The consumer prices index would peak at just below 11% this autumn rather than exceed 13%, as per the BoE; however, it added in its release:
“The labour market is tight and domestic cost and price pressures remain elevated. While the [energy bill subsidy] reduces inflation in the near term, it also means that household spending is likely to be less weak than projected in the August Report over the first two years of the forecast period.”
This comes as Kwarteng is expected to reveal the government’s major package of support planned to break the economy’s “cycle of stagnation” through infrastructure reforms and tax cuts.
Kwarteng will reveal over 30 measures as part of the Treasury’s “Growth Plan” in a speech at the House of Commons, including relief for households to tackle high energy bills.
He will also announce an estimated £30 billion ($33.5 billion) worth of tax cuts, such as reversing the national insurance increase, scrapping the planned rise in corporation tax from 19% to 25%, and removing environmental charges added to energy bills.
Other announcements will include new investment zones in England that will offer “targeted” tax cuts for local businesses, allowing firms to create new jobs and “increase productivity”. Some 100 new infrastructure projects are also to be accelerated across energy, transport, and the digital sphere to achieve a targeted economic growth rate of 2.5 percent a year.

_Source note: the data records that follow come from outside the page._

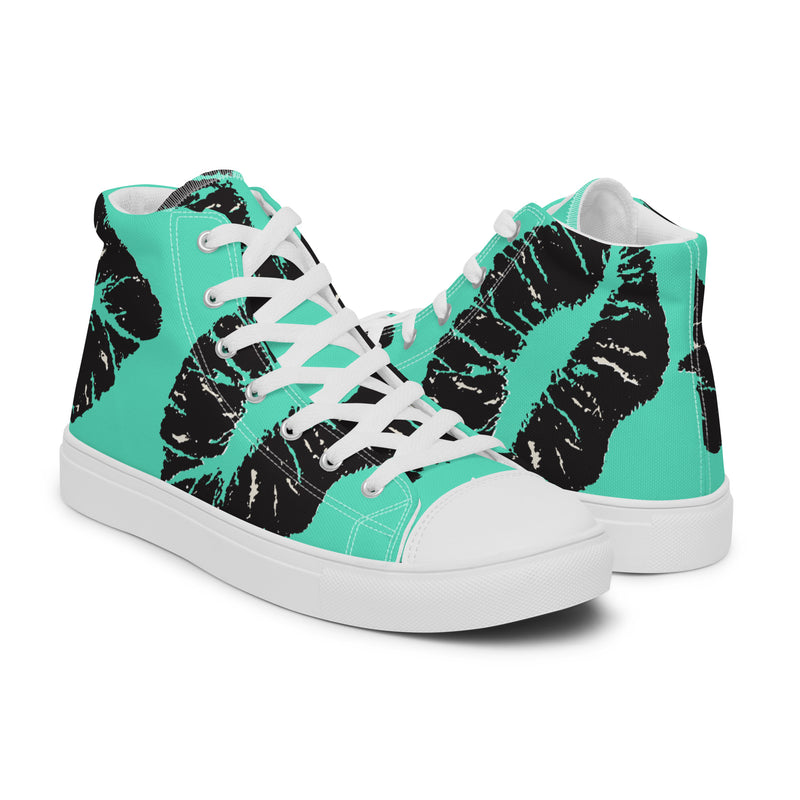 Teal Monstera High Top #52 - Top Down View | HA!LO Canvas Sneakers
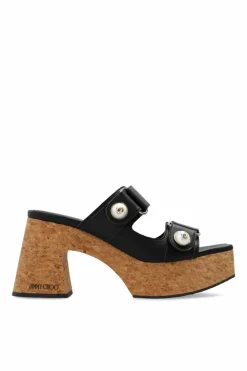Jimmy Choo CZARNY Klapki na obcasie ‘Fayence 95’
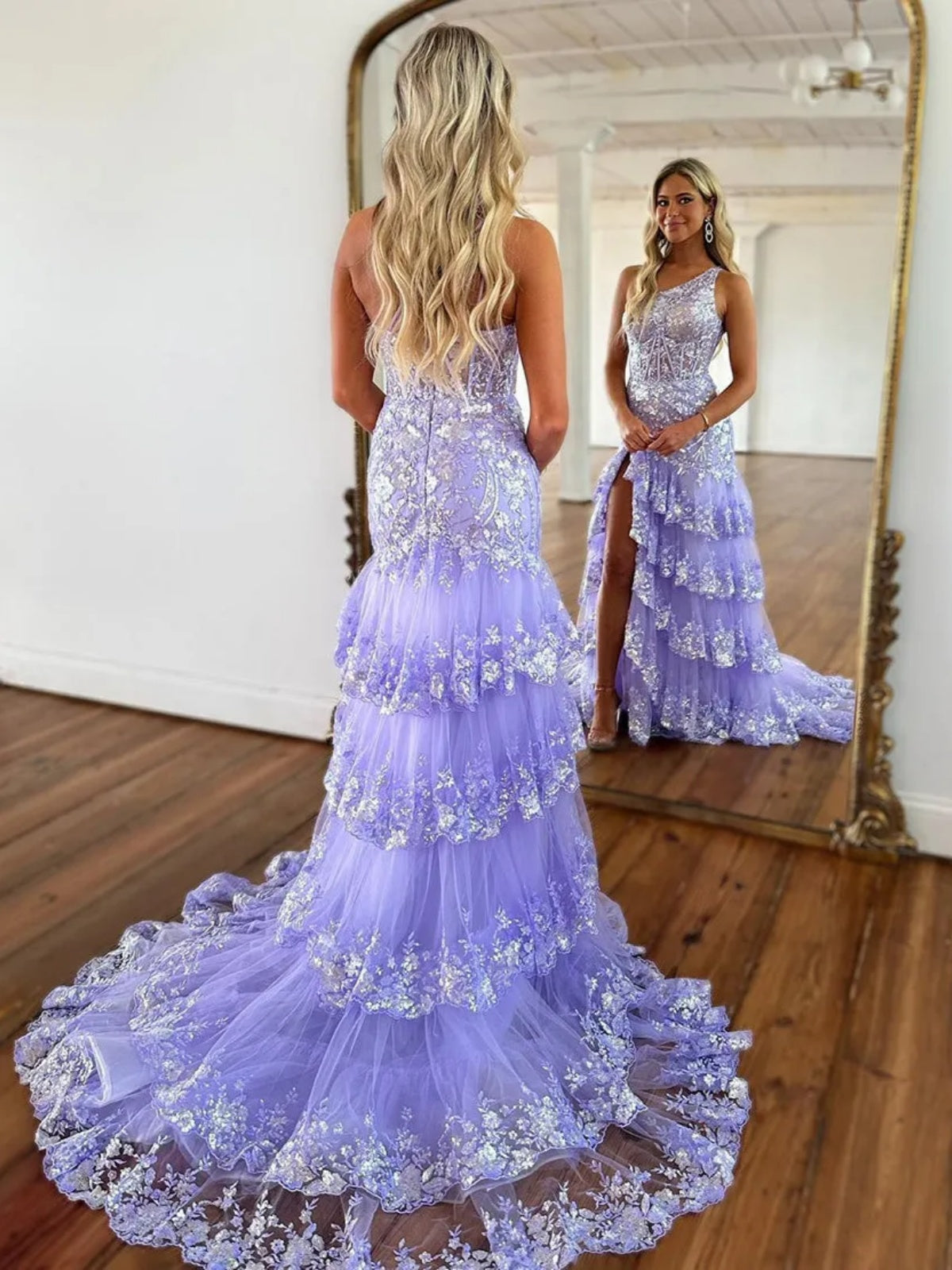 Purple One Shoulder Mermaid Lace Prom Dresses, Purple One Shoulder Lac - shegown Purple One Shoulder Mermaid Lace Prom Dresses, Purple One Shoulder Lac - shegown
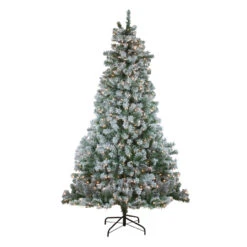 7.5' Pre-Lit Full Winema Pine Flocked Artificial Christmas Tree - Clear Lights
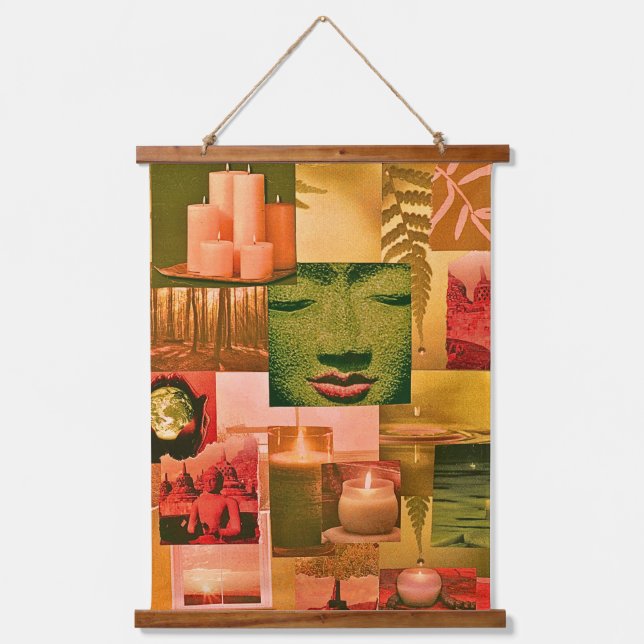 Tranquil Zen Harmony Wood Topped Wall Tapestry (Front)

“Growth is not as high as it needs to be, which has made it harder to pay for public services, requiring taxes to rise. This cycle of stagnation has led to the tax burden being forecast to reach the highest levels since the late 1940s. We are determined to break that cycle. We need a new approach for a new era focused on growth,” the chancellor is expected to announce, as per UK media reports.